STUDY MATERIAL: Begin
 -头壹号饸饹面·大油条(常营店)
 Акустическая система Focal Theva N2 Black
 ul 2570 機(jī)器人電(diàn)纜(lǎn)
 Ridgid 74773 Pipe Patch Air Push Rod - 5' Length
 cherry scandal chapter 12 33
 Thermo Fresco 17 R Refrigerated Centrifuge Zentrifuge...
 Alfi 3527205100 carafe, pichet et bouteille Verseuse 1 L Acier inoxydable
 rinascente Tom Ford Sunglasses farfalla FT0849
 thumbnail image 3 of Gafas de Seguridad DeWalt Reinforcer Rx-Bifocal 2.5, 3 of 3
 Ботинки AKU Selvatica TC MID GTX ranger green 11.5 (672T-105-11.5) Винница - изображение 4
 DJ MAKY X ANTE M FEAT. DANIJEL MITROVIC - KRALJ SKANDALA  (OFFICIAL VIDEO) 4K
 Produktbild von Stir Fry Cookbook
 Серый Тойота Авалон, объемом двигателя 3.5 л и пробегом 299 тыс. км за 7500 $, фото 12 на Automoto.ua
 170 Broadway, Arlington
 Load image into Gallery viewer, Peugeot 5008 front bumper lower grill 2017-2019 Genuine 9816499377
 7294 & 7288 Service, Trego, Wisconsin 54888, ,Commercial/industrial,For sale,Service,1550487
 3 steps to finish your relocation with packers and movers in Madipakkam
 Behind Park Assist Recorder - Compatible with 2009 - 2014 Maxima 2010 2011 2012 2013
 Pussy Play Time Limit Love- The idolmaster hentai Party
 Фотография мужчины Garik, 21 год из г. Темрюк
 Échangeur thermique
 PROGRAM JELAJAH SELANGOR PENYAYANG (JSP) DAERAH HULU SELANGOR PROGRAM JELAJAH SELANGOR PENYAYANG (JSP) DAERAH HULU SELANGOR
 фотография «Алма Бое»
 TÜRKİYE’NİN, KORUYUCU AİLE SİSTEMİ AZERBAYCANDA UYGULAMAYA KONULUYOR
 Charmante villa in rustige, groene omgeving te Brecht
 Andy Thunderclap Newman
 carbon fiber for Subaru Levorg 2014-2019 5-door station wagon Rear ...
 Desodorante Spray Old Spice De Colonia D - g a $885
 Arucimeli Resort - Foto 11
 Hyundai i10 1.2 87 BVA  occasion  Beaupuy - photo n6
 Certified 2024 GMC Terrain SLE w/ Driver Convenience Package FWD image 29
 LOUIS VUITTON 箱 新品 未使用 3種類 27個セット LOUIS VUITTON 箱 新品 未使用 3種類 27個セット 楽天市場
STUDY MATERIAL: End
**WHAT IS BEING ASKED**
Search the lines above for the string "with", then show every one that has it.

**FINISHED EXERCISE**
 3 steps to finish your relocation with packers and movers in Madipakkam
 Behind Park Assist Recorder - Compatible with 2009 - 2014 Maxima 2010 2011 2012 2013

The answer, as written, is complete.